(TASK STATEMENT) Could you reproduce the lines below from the one with "WFOŚiGW w Katowicach" through the one with "Luikerstraat 10-12"? Keep both ends and add nothing.

[[ MATERIAL FOR THE TASK, beginning ]]

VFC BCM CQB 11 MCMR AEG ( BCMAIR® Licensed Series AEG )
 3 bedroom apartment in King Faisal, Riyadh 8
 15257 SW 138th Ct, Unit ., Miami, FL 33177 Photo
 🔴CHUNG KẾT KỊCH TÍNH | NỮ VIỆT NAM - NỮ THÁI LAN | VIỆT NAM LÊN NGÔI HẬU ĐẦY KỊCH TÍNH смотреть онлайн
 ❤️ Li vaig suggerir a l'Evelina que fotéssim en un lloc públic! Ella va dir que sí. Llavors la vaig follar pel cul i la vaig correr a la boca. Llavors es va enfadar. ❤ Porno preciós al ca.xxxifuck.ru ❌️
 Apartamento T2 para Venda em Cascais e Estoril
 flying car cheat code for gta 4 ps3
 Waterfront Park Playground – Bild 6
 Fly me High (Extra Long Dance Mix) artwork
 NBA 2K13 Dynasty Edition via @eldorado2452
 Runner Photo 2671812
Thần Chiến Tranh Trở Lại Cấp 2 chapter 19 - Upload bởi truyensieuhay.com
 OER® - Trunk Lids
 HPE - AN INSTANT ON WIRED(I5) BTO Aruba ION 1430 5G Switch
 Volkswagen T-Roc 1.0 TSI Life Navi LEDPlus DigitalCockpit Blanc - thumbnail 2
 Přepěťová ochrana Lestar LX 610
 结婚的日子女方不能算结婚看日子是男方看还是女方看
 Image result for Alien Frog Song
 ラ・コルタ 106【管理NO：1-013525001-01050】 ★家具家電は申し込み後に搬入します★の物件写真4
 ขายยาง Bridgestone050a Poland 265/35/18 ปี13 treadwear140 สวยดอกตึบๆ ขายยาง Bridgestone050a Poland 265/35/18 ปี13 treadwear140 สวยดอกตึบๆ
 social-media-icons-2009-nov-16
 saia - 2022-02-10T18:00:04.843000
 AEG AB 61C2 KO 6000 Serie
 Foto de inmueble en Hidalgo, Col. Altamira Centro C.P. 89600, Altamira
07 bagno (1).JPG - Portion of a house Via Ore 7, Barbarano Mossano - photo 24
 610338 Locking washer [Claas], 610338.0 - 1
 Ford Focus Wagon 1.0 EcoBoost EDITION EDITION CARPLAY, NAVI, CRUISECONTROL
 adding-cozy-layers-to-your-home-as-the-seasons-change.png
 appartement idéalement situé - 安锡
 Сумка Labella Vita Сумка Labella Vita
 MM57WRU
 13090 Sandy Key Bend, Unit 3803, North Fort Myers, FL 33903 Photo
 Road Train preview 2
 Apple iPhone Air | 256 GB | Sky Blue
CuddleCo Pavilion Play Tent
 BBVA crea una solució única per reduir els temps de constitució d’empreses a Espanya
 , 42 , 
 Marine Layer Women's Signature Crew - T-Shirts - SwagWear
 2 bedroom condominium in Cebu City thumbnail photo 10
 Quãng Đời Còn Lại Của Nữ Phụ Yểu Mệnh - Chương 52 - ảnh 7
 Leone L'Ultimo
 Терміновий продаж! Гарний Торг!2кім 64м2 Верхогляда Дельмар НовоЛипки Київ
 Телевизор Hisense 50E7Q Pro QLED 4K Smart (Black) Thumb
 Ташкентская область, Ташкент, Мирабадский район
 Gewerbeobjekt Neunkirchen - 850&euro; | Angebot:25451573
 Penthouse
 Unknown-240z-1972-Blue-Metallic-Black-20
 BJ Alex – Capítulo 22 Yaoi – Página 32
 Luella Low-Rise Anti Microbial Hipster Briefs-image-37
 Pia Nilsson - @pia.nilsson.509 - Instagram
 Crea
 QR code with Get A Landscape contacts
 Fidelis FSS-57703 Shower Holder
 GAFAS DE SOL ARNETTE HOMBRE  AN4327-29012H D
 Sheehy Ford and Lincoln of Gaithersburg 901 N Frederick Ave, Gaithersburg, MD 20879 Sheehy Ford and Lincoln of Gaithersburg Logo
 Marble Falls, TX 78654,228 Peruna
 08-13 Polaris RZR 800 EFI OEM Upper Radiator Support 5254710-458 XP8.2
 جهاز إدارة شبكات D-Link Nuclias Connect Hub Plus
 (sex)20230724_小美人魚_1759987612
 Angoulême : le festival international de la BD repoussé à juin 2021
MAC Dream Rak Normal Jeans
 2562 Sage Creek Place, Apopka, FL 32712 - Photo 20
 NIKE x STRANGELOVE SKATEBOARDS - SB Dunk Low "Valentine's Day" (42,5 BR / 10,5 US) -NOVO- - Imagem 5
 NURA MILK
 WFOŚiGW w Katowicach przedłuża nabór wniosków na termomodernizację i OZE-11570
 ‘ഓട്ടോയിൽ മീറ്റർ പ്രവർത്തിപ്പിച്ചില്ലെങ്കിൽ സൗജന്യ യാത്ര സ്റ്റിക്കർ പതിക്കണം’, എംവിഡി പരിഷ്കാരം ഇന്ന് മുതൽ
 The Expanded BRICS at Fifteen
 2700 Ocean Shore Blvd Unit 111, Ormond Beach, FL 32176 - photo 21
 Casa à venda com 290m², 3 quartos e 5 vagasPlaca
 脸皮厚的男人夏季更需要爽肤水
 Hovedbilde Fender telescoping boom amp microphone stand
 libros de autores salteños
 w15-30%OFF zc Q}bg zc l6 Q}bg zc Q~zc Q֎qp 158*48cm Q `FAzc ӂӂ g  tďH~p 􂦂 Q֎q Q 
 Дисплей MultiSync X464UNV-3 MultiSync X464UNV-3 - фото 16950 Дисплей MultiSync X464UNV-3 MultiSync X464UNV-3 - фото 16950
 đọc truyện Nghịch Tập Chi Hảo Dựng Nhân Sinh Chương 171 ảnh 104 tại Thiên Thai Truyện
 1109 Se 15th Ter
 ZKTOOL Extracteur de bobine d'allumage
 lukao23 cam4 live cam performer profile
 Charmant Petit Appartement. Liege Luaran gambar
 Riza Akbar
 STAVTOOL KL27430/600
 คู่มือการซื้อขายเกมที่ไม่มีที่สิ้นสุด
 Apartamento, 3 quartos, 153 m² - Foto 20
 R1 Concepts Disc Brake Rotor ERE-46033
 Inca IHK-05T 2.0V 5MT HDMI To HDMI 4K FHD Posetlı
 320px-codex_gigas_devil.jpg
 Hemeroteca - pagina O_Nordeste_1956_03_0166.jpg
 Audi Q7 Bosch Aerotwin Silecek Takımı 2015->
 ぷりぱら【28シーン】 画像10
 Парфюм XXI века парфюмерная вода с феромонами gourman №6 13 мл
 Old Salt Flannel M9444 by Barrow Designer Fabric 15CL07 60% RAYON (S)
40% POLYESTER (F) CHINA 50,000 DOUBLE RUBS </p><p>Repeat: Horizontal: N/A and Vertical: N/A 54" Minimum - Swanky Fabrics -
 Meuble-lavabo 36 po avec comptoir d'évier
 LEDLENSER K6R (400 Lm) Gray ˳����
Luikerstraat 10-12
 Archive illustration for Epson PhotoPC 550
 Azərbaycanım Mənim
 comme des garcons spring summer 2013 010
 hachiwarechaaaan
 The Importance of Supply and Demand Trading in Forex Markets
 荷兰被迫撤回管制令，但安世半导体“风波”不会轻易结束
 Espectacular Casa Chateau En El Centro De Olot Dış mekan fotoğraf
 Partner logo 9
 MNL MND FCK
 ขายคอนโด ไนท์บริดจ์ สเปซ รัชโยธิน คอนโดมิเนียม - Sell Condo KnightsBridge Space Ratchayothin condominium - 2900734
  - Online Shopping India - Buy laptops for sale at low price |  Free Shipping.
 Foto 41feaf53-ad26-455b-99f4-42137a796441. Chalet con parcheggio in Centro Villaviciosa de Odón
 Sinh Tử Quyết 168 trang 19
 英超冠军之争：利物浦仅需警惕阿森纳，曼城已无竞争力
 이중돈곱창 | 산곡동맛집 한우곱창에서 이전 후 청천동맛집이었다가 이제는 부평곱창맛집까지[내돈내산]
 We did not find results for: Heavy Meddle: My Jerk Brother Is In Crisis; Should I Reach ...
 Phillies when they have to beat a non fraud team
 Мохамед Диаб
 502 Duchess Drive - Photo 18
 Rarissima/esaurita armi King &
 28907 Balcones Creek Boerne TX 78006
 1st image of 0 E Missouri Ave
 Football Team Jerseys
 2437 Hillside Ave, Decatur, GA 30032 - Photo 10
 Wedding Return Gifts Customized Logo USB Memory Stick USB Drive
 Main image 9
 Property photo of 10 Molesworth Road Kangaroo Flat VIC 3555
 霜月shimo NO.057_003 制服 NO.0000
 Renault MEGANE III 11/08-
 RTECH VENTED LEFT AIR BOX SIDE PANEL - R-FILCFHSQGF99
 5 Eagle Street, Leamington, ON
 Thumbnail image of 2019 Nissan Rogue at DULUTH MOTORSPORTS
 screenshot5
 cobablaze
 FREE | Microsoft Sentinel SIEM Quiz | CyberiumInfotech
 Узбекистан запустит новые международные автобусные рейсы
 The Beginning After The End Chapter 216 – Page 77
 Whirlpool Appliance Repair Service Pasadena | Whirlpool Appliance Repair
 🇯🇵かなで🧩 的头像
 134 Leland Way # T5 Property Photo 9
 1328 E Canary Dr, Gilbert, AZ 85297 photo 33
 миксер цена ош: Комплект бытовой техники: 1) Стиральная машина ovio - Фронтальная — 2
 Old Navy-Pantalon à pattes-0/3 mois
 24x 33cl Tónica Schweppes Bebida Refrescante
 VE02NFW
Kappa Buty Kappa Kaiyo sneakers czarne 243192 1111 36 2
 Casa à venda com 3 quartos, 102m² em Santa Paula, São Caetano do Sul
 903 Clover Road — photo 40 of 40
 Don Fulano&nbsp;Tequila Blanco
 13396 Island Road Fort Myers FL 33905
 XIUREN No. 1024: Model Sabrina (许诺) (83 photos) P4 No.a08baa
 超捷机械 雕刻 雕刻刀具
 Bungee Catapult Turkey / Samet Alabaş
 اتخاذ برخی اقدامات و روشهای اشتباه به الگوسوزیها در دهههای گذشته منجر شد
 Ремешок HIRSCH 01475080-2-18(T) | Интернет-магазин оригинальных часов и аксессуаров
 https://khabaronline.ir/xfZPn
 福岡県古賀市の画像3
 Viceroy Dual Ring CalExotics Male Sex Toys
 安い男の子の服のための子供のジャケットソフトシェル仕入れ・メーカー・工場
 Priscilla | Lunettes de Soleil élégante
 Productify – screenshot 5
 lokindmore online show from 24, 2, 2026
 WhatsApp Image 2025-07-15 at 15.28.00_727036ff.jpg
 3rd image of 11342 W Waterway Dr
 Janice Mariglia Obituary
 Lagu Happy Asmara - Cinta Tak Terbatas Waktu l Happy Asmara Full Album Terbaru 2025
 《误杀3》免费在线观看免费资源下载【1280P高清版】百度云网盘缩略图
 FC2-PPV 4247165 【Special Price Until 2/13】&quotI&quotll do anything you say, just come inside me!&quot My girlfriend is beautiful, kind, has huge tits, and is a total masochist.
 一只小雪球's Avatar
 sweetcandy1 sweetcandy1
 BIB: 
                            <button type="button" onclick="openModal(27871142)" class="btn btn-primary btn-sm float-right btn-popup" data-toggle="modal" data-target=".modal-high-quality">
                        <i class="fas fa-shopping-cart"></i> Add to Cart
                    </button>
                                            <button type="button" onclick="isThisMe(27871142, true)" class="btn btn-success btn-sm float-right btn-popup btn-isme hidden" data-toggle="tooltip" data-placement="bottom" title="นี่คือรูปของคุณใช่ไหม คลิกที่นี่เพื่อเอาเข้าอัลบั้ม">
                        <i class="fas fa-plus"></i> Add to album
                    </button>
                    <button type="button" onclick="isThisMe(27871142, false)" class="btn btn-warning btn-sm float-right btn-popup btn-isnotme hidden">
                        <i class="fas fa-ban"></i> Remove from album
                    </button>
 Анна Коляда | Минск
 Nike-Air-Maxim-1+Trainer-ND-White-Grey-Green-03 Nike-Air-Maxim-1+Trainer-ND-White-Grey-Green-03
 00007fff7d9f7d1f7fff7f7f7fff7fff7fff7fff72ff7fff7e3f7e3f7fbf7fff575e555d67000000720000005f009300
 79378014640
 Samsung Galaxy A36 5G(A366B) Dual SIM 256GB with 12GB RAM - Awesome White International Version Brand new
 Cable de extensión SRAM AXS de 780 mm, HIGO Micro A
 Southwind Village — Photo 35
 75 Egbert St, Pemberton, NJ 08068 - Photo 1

[[ MATERIAL FOR THE TASK, end ]]

(RESPONSE TO THIS TASK)
 WFOŚiGW w Katowicach przedłuża nabór wniosków na termomodernizację i OZE-11570
 ‘ഓട്ടോയിൽ മീറ്റർ പ്രവർത്തിപ്പിച്ചില്ലെങ്കിൽ സൗജന്യ യാത്ര സ്റ്റിക്കർ പതിക്കണം’, എംവിഡി പരിഷ്കാരം ഇന്ന് മുതൽ
 The Expanded BRICS at Fifteen
 2700 Ocean Shore Blvd Unit 111, Ormond Beach, FL 32176 - photo 21
 Casa à venda com 290m², 3 quartos e 5 vagasPlaca
 脸皮厚的男人夏季更需要爽肤水
 Hovedbilde Fender telescoping boom amp microphone stand
 libros de autores salteños
 w15-30%OFF zc Q}bg zc l6 Q}bg zc Q~zc Q֎qp 158*48cm Q `FAzc ӂӂ g  tďH~p 􂦂 Q֎q Q 
 Дисплей MultiSync X464UNV-3 MultiSync X464UNV-3 - фото 16950 Дисплей MultiSync X464UNV-3 MultiSync X464UNV-3 - фото 16950
 đọc truyện Nghịch Tập Chi Hảo Dựng Nhân Sinh Chương 171 ảnh 104 tại Thiên Thai Truyện
 1109 Se 15th Ter
 ZKTOOL Extracteur de bobine d'allumage
 lukao23 cam4 live cam performer profile
 Charmant Petit Appartement. Liege Luaran gambar
 Riza Akbar
 STAVTOOL KL27430/600
 คู่มือการซื้อขายเกมที่ไม่มีที่สิ้นสุด
 Apartamento, 3 quartos, 153 m² - Foto 20
 R1 Concepts Disc Brake Rotor ERE-46033
 Inca IHK-05T 2.0V 5MT HDMI To HDMI 4K FHD Posetlı
 320px-codex_gigas_devil.jpg
 Hemeroteca - pagina O_Nordeste_1956_03_0166.jpg
 Audi Q7 Bosch Aerotwin Silecek Takımı 2015->
 ぷりぱら【28シーン】 画像10
 Парфюм XXI века парфюмерная вода с феромонами gourman №6 13 мл
 Old Salt Flannel M9444 by Barrow Designer Fabric 15CL07 60% RAYON (S)
40% POLYESTER (F) CHINA 50,000 DOUBLE RUBS </p><p>Repeat: Horizontal: N/A and Vertical: N/A 54" Minimum - Swanky Fabrics -
 Meuble-lavabo 36 po avec comptoir d'évier
 LEDLENSER K6R (400 Lm) Gray ˳����
Luikerstraat 10-12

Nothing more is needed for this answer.